Information given section start

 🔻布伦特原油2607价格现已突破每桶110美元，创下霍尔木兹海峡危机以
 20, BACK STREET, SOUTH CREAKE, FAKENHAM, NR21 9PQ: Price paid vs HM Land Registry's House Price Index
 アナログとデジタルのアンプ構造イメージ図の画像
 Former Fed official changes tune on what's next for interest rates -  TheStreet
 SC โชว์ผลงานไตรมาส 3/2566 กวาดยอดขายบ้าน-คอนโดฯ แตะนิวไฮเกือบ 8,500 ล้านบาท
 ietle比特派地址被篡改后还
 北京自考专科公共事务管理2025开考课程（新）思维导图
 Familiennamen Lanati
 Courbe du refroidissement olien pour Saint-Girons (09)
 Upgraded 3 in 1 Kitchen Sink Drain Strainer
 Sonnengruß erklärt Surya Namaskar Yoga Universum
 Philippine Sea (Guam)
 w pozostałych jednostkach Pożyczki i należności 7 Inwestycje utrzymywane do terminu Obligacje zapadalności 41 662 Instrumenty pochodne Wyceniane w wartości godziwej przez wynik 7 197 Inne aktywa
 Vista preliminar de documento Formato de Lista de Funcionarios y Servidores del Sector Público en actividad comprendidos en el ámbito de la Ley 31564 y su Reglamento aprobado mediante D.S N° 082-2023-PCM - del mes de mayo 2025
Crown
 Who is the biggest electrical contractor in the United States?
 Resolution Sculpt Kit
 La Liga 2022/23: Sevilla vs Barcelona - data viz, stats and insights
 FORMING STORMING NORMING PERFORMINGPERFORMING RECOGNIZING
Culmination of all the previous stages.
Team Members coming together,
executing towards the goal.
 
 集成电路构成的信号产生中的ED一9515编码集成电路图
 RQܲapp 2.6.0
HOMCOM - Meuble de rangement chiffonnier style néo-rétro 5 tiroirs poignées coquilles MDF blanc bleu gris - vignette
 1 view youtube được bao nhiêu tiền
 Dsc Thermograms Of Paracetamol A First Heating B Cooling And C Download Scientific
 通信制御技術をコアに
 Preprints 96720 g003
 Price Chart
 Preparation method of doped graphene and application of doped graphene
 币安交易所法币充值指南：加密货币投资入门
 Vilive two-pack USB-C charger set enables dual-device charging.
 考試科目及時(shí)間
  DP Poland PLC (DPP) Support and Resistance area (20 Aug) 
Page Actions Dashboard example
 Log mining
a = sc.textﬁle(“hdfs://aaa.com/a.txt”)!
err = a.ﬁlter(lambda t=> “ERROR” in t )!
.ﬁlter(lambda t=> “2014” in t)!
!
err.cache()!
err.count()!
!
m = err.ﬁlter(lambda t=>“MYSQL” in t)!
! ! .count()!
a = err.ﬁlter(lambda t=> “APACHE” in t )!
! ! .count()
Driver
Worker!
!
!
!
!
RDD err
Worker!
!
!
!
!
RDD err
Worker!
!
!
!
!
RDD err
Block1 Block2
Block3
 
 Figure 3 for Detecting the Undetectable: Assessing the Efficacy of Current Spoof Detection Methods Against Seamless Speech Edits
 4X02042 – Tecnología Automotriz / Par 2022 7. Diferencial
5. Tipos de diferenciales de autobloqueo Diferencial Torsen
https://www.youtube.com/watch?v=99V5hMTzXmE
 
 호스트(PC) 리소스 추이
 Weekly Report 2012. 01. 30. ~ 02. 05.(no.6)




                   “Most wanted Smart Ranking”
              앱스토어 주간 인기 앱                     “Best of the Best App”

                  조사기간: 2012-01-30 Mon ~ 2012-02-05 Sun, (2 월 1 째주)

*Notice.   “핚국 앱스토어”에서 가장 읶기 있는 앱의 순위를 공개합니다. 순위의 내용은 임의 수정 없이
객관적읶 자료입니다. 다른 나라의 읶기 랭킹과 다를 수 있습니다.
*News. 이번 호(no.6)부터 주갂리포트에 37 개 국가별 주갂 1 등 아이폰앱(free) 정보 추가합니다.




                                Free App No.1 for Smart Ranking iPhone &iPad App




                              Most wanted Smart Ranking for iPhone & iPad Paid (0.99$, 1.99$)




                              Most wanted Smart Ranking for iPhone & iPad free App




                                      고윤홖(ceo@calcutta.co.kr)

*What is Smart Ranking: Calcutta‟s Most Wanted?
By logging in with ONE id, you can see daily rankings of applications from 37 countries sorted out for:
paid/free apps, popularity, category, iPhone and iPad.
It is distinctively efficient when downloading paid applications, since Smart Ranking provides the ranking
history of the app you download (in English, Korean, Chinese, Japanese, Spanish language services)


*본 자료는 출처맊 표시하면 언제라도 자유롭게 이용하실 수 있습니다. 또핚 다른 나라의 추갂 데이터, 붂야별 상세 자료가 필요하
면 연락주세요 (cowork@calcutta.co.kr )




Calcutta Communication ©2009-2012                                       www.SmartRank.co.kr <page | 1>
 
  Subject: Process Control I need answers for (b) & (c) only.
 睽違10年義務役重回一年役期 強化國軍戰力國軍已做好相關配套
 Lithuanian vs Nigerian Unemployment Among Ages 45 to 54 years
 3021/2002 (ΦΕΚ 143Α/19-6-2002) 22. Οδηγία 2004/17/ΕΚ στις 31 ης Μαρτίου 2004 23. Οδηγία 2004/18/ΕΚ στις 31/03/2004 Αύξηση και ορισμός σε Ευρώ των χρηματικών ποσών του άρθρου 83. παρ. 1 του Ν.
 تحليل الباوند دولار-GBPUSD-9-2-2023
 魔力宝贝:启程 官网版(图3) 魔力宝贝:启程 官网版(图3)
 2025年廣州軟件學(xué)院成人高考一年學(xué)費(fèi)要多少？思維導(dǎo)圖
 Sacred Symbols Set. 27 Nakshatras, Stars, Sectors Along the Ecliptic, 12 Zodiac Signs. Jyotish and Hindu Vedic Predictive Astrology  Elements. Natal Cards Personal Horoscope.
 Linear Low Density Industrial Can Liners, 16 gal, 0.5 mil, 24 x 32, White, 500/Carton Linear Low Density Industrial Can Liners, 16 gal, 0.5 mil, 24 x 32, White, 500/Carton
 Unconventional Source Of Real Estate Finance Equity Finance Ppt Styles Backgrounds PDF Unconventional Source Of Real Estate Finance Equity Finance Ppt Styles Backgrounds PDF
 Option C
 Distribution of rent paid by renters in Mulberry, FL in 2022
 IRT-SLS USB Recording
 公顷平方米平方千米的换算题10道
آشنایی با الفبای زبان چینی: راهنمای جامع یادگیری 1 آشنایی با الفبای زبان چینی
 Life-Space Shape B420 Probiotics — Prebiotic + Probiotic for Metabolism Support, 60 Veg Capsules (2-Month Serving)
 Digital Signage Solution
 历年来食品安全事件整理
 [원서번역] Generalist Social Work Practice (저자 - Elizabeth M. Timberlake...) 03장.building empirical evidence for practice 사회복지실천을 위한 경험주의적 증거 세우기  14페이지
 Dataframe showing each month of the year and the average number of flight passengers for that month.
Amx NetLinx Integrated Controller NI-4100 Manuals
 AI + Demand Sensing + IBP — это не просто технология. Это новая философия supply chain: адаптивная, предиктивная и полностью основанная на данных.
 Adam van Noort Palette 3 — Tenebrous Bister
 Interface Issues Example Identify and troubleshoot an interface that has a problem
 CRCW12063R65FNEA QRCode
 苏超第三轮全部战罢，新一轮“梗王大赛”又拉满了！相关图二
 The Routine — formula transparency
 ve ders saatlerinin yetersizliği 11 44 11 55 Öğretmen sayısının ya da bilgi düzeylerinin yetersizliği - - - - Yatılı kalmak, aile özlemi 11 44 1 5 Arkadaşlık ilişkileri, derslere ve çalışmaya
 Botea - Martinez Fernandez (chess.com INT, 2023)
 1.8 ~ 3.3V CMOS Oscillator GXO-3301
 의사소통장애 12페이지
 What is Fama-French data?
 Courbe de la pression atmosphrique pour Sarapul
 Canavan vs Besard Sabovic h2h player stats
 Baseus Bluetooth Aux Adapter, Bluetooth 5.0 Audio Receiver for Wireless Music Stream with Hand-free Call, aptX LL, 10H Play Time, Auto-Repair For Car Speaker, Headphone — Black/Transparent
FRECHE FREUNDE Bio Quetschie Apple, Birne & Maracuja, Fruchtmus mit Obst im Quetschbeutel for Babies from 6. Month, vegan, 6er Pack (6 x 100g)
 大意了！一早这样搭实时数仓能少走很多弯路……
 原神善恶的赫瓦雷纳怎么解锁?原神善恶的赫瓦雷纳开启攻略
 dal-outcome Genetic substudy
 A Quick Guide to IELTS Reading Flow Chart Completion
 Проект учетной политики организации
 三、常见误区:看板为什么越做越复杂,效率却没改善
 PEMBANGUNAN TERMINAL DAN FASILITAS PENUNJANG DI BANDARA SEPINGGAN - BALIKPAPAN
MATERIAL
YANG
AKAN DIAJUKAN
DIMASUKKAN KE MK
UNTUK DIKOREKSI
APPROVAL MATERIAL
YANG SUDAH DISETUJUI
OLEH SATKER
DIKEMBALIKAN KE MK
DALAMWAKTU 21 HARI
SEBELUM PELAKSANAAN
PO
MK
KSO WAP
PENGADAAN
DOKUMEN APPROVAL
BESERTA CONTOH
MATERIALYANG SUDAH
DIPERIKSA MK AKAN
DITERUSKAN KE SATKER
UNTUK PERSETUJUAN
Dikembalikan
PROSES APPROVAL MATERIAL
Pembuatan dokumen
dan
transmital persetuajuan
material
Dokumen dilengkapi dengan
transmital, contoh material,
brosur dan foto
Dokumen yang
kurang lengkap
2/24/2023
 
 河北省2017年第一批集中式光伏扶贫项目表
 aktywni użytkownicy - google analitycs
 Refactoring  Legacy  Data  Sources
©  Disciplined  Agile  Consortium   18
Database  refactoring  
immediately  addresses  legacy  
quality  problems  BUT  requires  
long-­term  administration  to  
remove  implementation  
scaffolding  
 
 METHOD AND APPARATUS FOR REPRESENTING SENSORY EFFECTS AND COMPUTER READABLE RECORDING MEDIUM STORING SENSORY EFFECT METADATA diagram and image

Information given section end

Your objective ::
An exact copy is needed of the closing lines of the entries above, counting from the one that contains "BESERTA CONTOH" and including it and the last.

Output ::
BESERTA CONTOH
MATERIALYANG SUDAH
DIPERIKSA MK AKAN
DITERUSKAN KE SATKER
UNTUK PERSETUJUAN
Dikembalikan
PROSES APPROVAL MATERIAL
Pembuatan dokumen
dan
transmital persetuajuan
material
Dokumen dilengkapi dengan
transmital, contoh material,
brosur dan foto
Dokumen yang
kurang lengkap
2/24/2023
 
 河北省2017年第一批集中式光伏扶贫项目表
 aktywni użytkownicy - google analitycs
 Refactoring  Legacy  Data  Sources
©  Disciplined  Agile  Consortium   18
Database  refactoring  
immediately  addresses  legacy  
quality  problems  BUT  requires  
long-­term  administration  to  
remove  implementation  
scaffolding  
 
 METHOD AND APPARATUS FOR REPRESENTING SENSORY EFFECTS AND COMPUTER READABLE RECORDING MEDIUM STORING SENSORY EFFECT METADATA diagram and image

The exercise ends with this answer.